Los habitualmente denostados "neoliberales" no son los únicos que creen que la crisis económica europea es la consecuencia previsible del Estado benefactor de los países más desarrollados del continente y que para superarla será necesario desmantelar muchos programas de ayuda social.

Comparten plenamente su opinión los jerarcas del Partido Comunista chino. Lo confirmó hace poco el jefe del fondo oficial de inversión de China, Jin Liqun, cuando advirtió que, si bien el Estado benefactor sirve para que los rezagados puedan disfrutar de la buena vida, también debilita la voluntad de trabajar duro y por lo tanto causa más pobreza. En cuanto a las leyes laborales que están procurando defender los sindicatos y los partidos políticos izquierdistas de Europa, a juicio de quien está en condiciones de decidir cómo invertir los 400.000 millones de dólares del fondo soberano chino, "inducen pereza e indolencia". En otras palabras, comunistas chinos como Jin Liqun coinciden con la canciller alemana Angela Merkel y otros que atribuyen las dificultades de los integrantes menos dinámicos de la Unión Europea a la haraganería de una proporción excesiva de sus habitantes, razón por la que se resisten a invertir su dinero en lo que temen resultaría ser una especie de agujero negro.

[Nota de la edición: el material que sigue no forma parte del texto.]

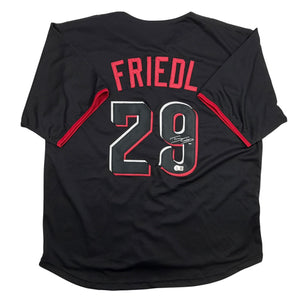 Autographed/Signed TJ Friedl Cincinnati Black City Connect Baseball Jersey Beckett BAS COA
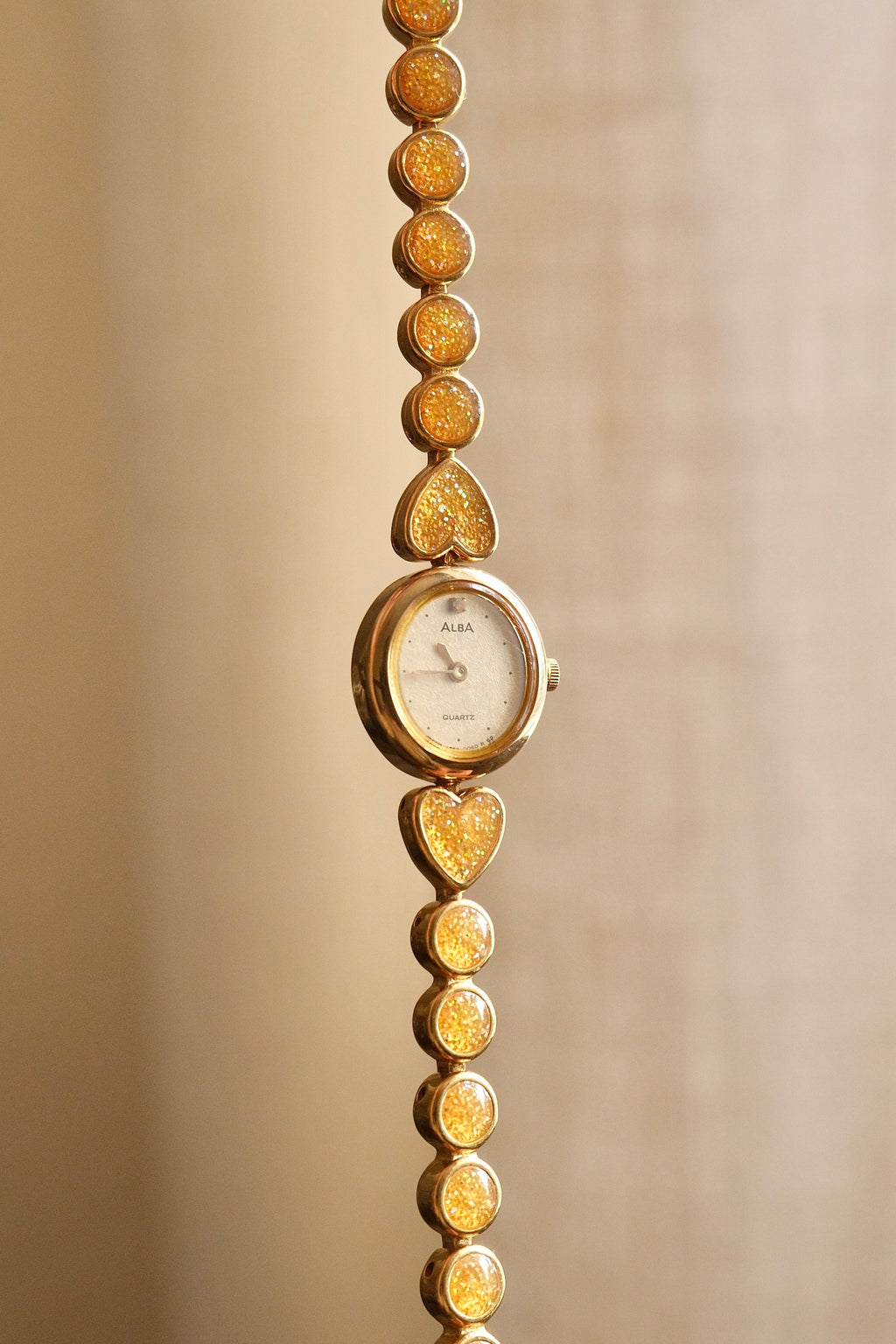 Rare 90s Vintage Gold Alba Seiko Heart Quartz Watch Working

Desde el punto de vista no sólo de los progresistas occidentales sino también de muchos que se consideran conservadores, el lenguaje empleado por Jin Liqun es anacrónico, para no decir antediluviano, más apropiado para un fanático del Tea Party norteamericano que para el representante de un gobierno que sigue llamándose comunista. En el Occidente, la izquierda moderada ganó "la batalla cultural" hace varias décadas, con el resultado de que sus planteos forman parte del sentido común de casi todos los políticos e intelectuales. En nuestro país, las actitudes resultantes son virtualmente hegemónicas. Insinuar que en última instancia los pobres son responsables de su propio destino y que muchos desocupados son vagos equivale a "culpar a la víctima" que, como todos saben, debe su condición desafortunada a la perversidad del sistema capitalista o a la indiferencia de la sociedad.

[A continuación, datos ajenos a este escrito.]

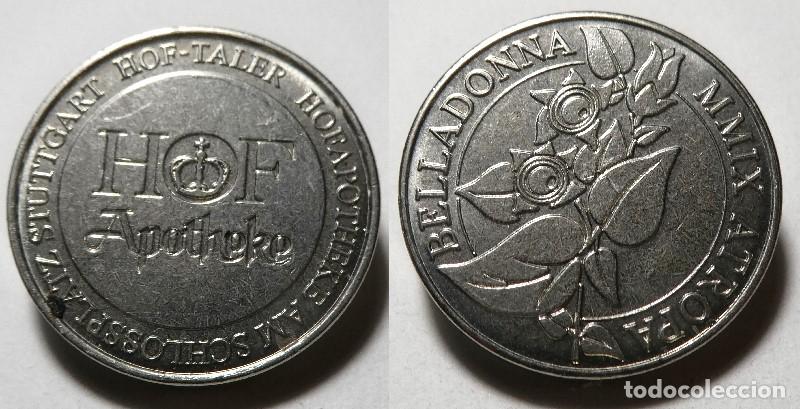 Monedas locales: Ficha farmac&eacute;utica de la Hof Apotheke situada en Stuttgart, Alemania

En base a este presupuesto, muchos gobiernos, incluyendo el kirchnerista, dan por descontado que para lograr un grado mayor de equidad socioeconómica hay que "redistribuir" el ingreso y aumentar los subsidios para quienes perciben menos. Aunque a veces los políticos hablan de la necesidad de difundir "la cultura del trabajo", con escasas excepciones parecen convencidos de que lo que más importa es la solidaridad del gobierno de turno ya que la desigualdad se debe a la codicia de los pudientes.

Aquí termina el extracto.